あれから1年…。火災の脅威を突きつけられた街の人たちの努力や、それを支えた人の力で、街はにぎわいを取り戻しています。エキニシの今を取材しました。

火事に巻き込まれて亡くなった人はいませんでしたが、コロナ禍で飲食店がたいへんな思いをしている中での火事で胸が痛みました。

火事から1年となりますが、今、エキニシはどうなっているのか。なかなか足を運べていない方もご覧ください。

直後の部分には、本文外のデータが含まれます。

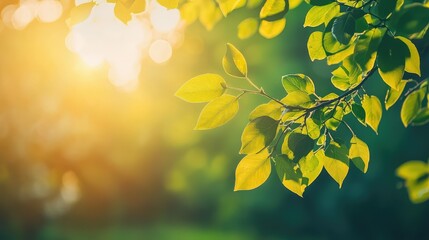 Obraz premium Sunlit Green Leaves on a Tree Branch Illuminated by Soft Golden Light in a Lush Natural Setting Perfect for Relaxation and Outdoor Wellness Themes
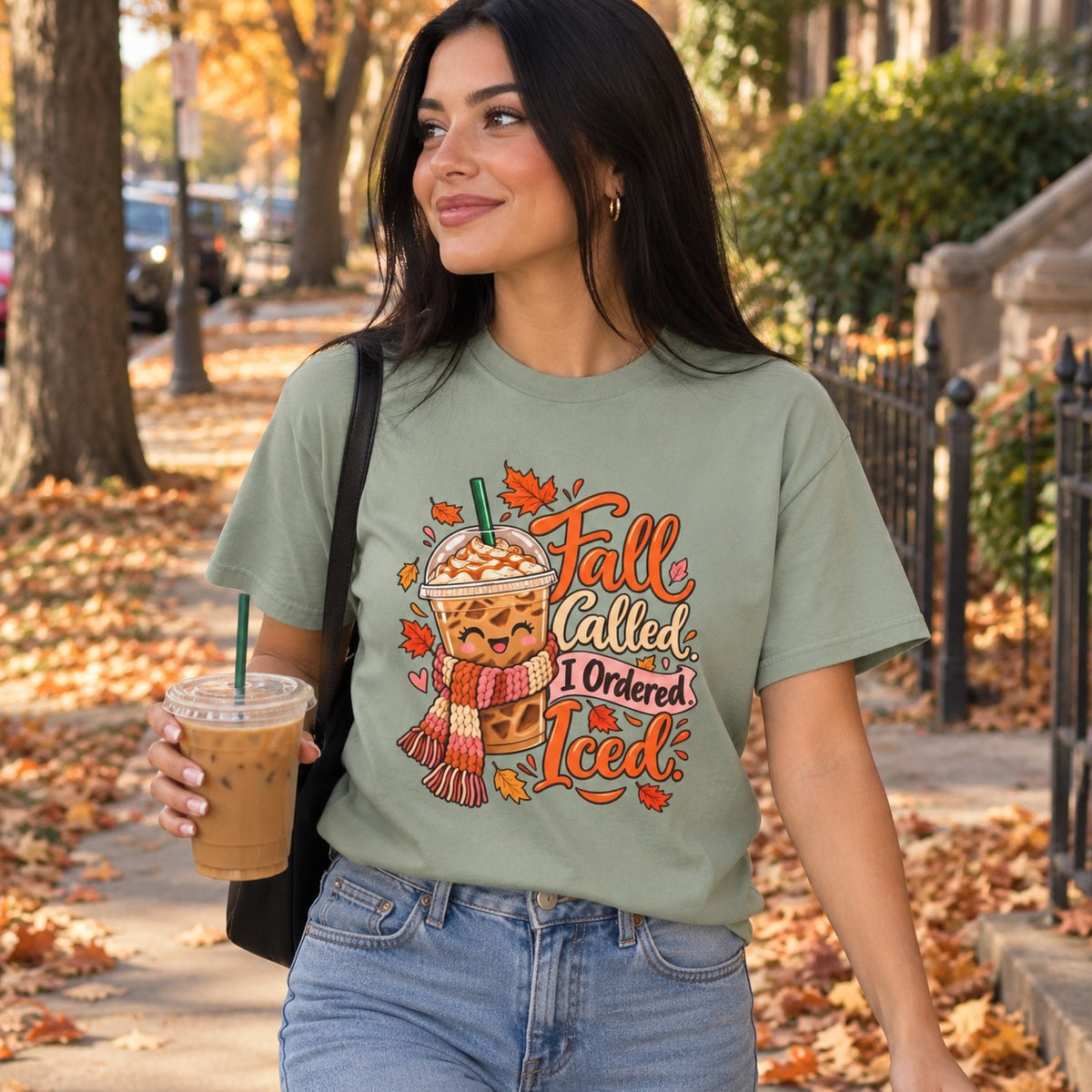 Woman wearing the Fall Called. I Ordered Iced. T-shirt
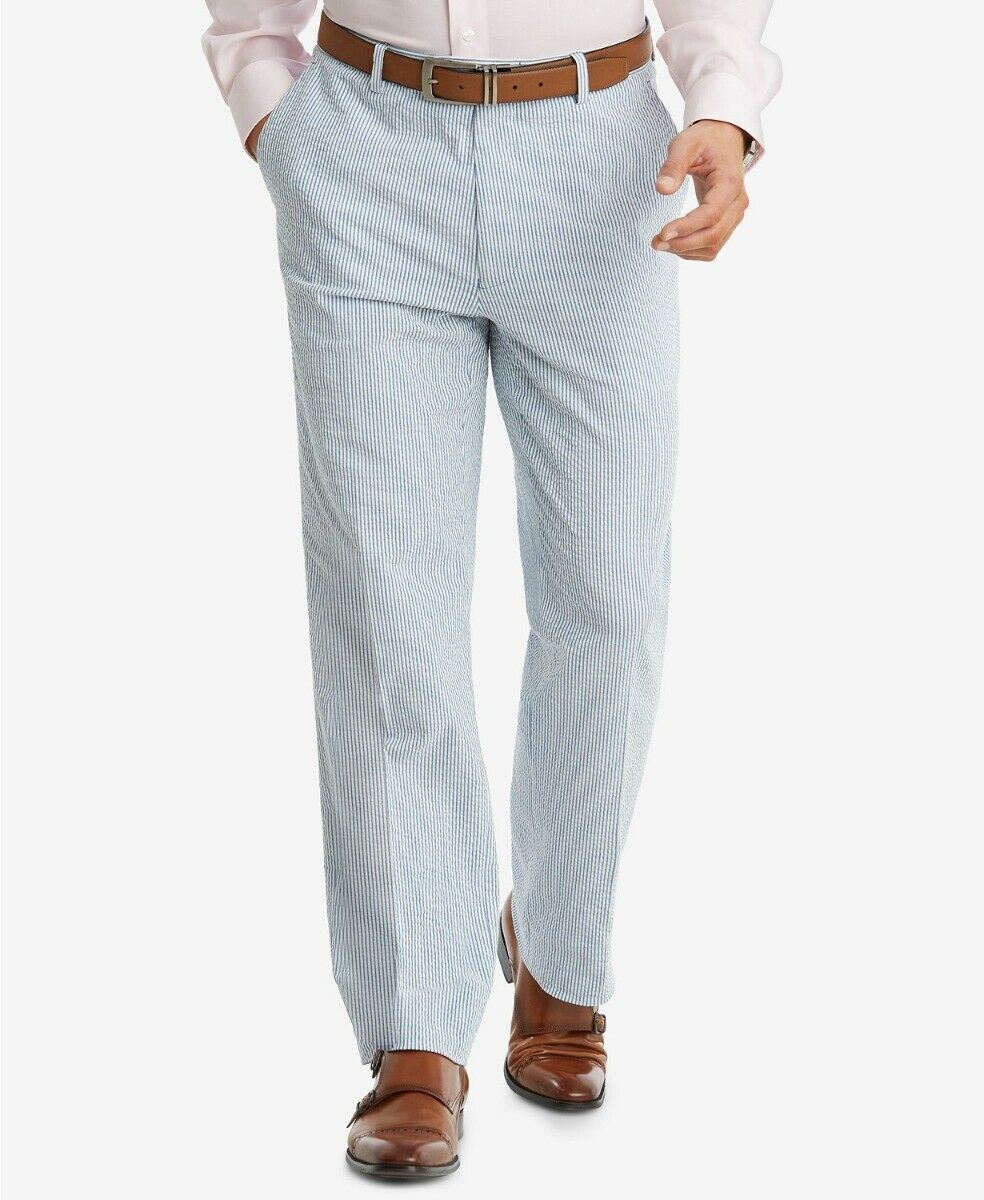 Tommy Hilfiger Men Modern fit Dress Pants 38 / 32 Light Blue Striped Stretch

火災が起きたのは、去年11月10日午前5時半ごろでした。

火は、通報からおよそ10時間後、ようやく消し止められました。

一夜明けて、実況見分が始まりました。

火事のあった一角で当時、鉄板焼き料理店を営んで6年となっていた伊藤勝さんです。わたしたちは、伊藤さんにカメラを渡し、被害にあった店の様子を撮影してもらいました。

消防
「ガラスが落ちているので十分、気をつけていきましょう」

広島赤焼き えん 伊藤勝さん
「想像しとった以上にひどい」

妻 理恵さん
「わたしはもうちょっとだいじょうぶかと思っていた」

伊藤勝さん
「3階はダメかもしれない」

この火事で飲食店や住宅27棟が焼け、このうち11棟が全焼…。伊藤さんの店も全焼しました。

伊藤勝さん
「みんな、土地がせまいから広く使いたいので、隣りの人と壁一枚でやる。お互い、(壁を)立てたら太くなるじゃないですか、昔のことなので」

当時は、ちょうど新型コロナが落ち着きを見せ始めて、飲食店にとっては、これからというときでした。

山崎有貴 記者
「時間は、午後7時半です。エキニシの飲食店街、今は明かりがたくさんのお店の前に灯っています。お客さんもどこの店に入ろうかなとキョロキョロしながら歩いているような印象です」

「お客さんもこのように中に入っていて、にぎわっているんですが、1年前、この辺り一帯が炎に包まれていたんですよね」

全焼したところと同じ場所で再び店を復活させた人…、新たにこの地に入り、店を構えた人…。再び、にぎわいを取り戻しています。

エキニシでは、大きな火事が4年前にも起きています。

こちらは、広島市消防局が行った実験の映像です。

火元の木造住宅を再現した模型に火を点け、延焼経路などを調べました。

消防は、火が天井まで達したあと、隣接する建物に広がっていったとみています。

密集した木造の建物に飲食店と住宅が混在したエキニシエリアでは、火が立ち上る前の早い段階で消す「初期消火」が特に重要だとしています。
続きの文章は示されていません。